To view the Explain Plan, run the following cell:

In [None]:
%%sql

execute  stmt_util_metrics_snap_reset;

explain (costs off, analyze, verbose) 
select ''_ 
    , *
 -- , city_name
from tbl_cities 
where 1=1 
 -- and country_id = 233
 -- and country_code = 'US'
 -- and state_id = 1416
 -- and state_coude = 'CA'
 and city_name BETWEEN 'Alameda' AND  'Alamo'
 -- and city_id = 111088
 -- and yb_hash_code(city_id) = yb_hash_code(111088)
-- and yb_hash_code(city_name) = yb_hash_code(city_name::text)
-- limit 100
;

#### q1c | Explain plan (above ^^)
The Explain Plan shows that this query uses the index only `Index Scan` and reads 16 rows.
- `Index Scan using idx_cities_city_name_range on public.tbl_cities (actual time=3.192..3.239 rows=16 loops=1`

The Index Condition reflects the query predicate range.

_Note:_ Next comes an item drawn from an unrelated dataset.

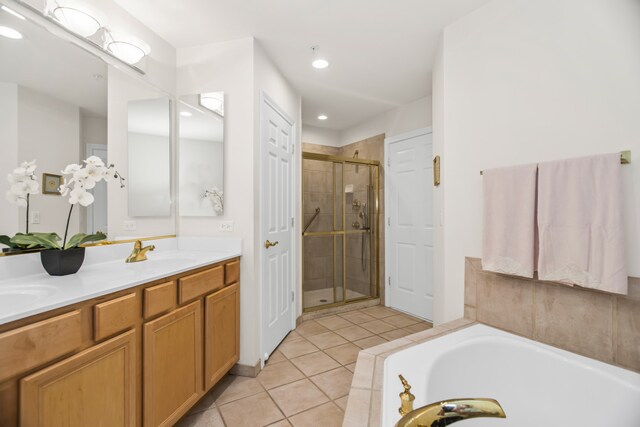 2660 Summit Dr Unit 302, Glenview, IL 60025 - full bath featuring a stall shower, double vanity, tile patterned floors, a garden tub, and recessed lighting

- `  Index Cond: (((tbl_cities.city_name)::text >= 'Alameda'::text) AND ((tbl_cities.city_name)::text <= 'Alamo'::text))`

To view the tablet metrics, run the following cell:

In [None]:
%%sql
execute  stmt_util_metrics_snap_table;

#### q1c | Metrics (above ^^)

In the initial query, the `Index Scan` accesses the index tablet:

| row_name| 	rocksdb_number_db_seek | 	rocksdb_number_db_next | 
|--|--|--|
| db_ybu idx_cities_city_name_range link_table_id tablet_id_unq_1 leader	 | 1 | 	16 |

Because the query returns all the columns, the query accesses data on the the three tablet leaders for `tbl_cities`. Retrieving the column data for the query requires additional seeks and reads on each tablet.

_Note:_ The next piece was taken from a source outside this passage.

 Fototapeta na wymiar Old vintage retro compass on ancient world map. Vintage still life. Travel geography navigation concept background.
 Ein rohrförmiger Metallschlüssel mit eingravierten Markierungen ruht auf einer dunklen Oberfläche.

### q1d | Covering index with a range predicate
To view the Explain Plan, run the following cell:

In [None]:
%%sql
execute  stmt_util_metrics_snap_reset;

explain (costs off, analyze,verbose) 
select '' _
 --, *
 -- , city_id
 , city_name
from tbl_cities 
where 1=1 
 -- and country_id = 233
 -- and country_code = 'US'
 -- and state_id = 1416
 -- and state_code = 'CA'
and city_name between 'alameda' and 'alamo'
-- and city_id = 111088
 -- and yb_hash_code(city_id) = yb_hash_code(111088)
 -- and yb_hash_code(city_name) = yb_hash_code('Alameda'::text)
-- limit 100
;

#### q1d | Explain Plan (above ^^)

The Explain Plan shows that this query only uses the range index and in doing so, retrieves 16 rows.
- `Index Only Scan using idx_cities_city_name_range on public.tbl_cities (actual time=0.883..0.891 rows=16 loops=1)`

The Index Condition reflects the query predicate.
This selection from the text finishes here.